Phila.'s latest generation of emerging composers
The delight and surprise that followed composer Jennifer Higdon's Pulitzer Prize win April 12 have reached beyond the artistic community to a wider public: We love tangible evidence that Philadelphia originates the better things in life, as well as import
The delight and surprise that followed composer Jennifer Higdon's Pulitzer Prize win April 12 have reached beyond the artistic community to a wider public: We love tangible evidence that Philadelphia originates the better things in life, as well as importing them. In the media, Higdon, 47, seems to be everywhere, charming interviewers and the public all over again with her fun, unaffected manner, Tennessee accent, and slow rise in the music world from a concert-band flutist to graduate work at the University of Pennsylvania and the Curtis Institute of Music, where she's now on the faculty.
"Is this a first for Philadelphia composers?" some ask. Hardly. Philadelphia has regularly exported important new music - some that won the Pulitzer, and a lot that deserved to - usually in spurts. The prevalence of educational institutions, enlightened philanthropy, and a relatively low cost of living among Northeastern cities has made this a place where composers can try out all sorts of things and not worry too much about consequences.
The 1940s had the emergence of Samuel Barber, Leonard Bernstein, and Gian Carlo Menotti, all from the Curtis Institute. The 1970s were dominated by University of Pennsylvania triumvirate George Rochberg, George Crumb, and Richard Wernick.
Now, a more dispersed but no-less-interesting generation has emerged: The Philadelphia composers who have had high-profile premieres in major cities are all affiliated with different educational institutions or schools of composition. And three of the four are women.
The specifics:
Philadelphia-born, Montgomeryville-raised Julia Wolfe was two steps behind Higdon in this year's Pulitzer finalists with Steel Hammer, a Carnegie Hall commission late last year that consolidated her reputation as a radical minimalist, long nurtured by the Bang on a Can Festival.
Penn faculty member James Primosch had an up-to-the-minute meeting of artistic minds with Princeton-based poet Susan Stewart, whose Songs for Adam, published in 2008, was heard in late 2009 in a Chicago Symphony Orchestra-commissioned song cycle of the same title.
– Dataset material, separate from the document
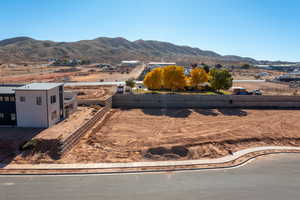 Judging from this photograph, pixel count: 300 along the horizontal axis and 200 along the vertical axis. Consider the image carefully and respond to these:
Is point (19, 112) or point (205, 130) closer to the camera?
point (19, 112)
Higdon's new Piano Concerto, premiered in December by Washington's National Symphony Orchestra, in fact predates the Pulitzer-winning Violin Concerto. It was to be premiered by Lang Lang, who canceled; it was rescheduled with Yuja Wang.
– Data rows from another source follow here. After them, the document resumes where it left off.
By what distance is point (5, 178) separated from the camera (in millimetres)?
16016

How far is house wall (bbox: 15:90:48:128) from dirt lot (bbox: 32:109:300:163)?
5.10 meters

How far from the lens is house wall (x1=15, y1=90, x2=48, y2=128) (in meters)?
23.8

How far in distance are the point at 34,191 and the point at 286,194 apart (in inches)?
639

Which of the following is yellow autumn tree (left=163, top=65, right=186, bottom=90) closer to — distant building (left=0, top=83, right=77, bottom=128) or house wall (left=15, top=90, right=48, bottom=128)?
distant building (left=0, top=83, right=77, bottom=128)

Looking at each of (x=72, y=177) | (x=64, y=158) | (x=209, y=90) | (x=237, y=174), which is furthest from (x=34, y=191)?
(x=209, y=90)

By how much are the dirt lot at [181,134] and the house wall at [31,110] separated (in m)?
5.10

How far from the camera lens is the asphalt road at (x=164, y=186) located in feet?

In February, University of the Arts faculty member Andrea Clearfield had a major chamber music premiere at New York's Morgan Library, . . . and low to the lake falls home, performed by Carol Wincenc, Cynthia Phelps, and Nancy Allen.
It so happens that, with the exception of Higdon's concertos, none of the pieces was a typical specimen from its respective output. Though Clearfield is known to write big works with a strong social conscience, this one is the soul of congeniality, seeming to seize upon the most sensually attractive of Debussy's final three chamber works, the Sonata for Viola, Flute and Harp, and expanding its basic idea with a more war-weary awareness of subsequent history - manifested not in dissonance, but in an intense counterpoint of musical ideas and interaction among the instruments.
Higdon's piano concerto has a strong family resemblance to her violin concerto: Both have moments in which the thematic development hits giddy, antic heights, as well as orchestral passages with playful, seesawing, parallel harmonies in the orchestra. Higdon often ambushes listeners with some unexpected timbre, and in the piano work, that moment comes at the beginning of the third movement - in what is probably the only case of a percussion cadenza in a piano concerto. You could tell what she had been listening to before writing the piece - some Prokofiev, Ravel, and especially the gorgeous, seldom-heard Tippett Piano Concerto - but these feel more like precedents than antecedents. It's all Higdon.
In contrast: If there's anything out there like Primosch's Songs of Adam, I haven't heard it - though the music wears its singularity lightly, with no need to express itself radically. It has a confidence of expression that comes of Primosch's having written a steady stream of song cycles since the late 1990s. Composers are still drawing legitimate inspiration from poets of the increasingly distant past, such as Walt Whitman, but Primosch pushes both himself and thus his listeners onto new ground with Susan Stewart's verse, which are called songs in their printed version because they suggest music, especially in the first poem, in which Adam is stuttering his way into existence.
Both poet and composer share an ability to contemplate how basic elements of existence might feel for the first time, and the duo know how to capture that in their respectively cultivated vocabularies, with an emotional rightness that never becomes too analytical.
In fact, Primosch enters the Korngold zone when describing Adam's intoxication with the word. Though words are set dramatically and in ways that are well written for the voice, the best moments are in the masterly orchestration, which gives an extra percussive spark to moments of discovery and unflinchingly confronts the agony of Adam's expulsion from Eden.
The pale strings capture his disappointment in the real world in an overall dramatic arc that's almost epic, going from the unimaginable (the beauty of Eden) to the unthinkable (the world's first children, Abel and Cain, and the world's first fratricide).
If it's possible for a piece to be folksy and radical at the same time, that piece is Wolfe's Steel Hammer. The subject is the mythical John Henry, the railroad man who claimed he could outwork any machine. Wolfe's scoring included folk instruments, but the most musical information by far was handled by Trio Mediaeval, the pitch-perfect female threesome from Norway, who effortlessly navigated Wolfe's unceasing, often-astounding level of invention.
Her minimalist manner isn't the world's greatest means of storytelling. Luckily, she finds enough places in the story that can bear examination as set pieces; it's in those places that Steel Hammer casts a powerful spell, often using the rhythmic regularity and vocal counterpoint to convey a sense of relentless propulsion, both in the literal locomotive sense, but also in mankind's drive to push forward at any cost.
Stand back from these four composers, and the plurality of compositional voices isn't just impressive, it's cool. But as easy as it can be to lump the previous generations under catch-all headings such as neo-romantics and modernists, none of them were anything alike either.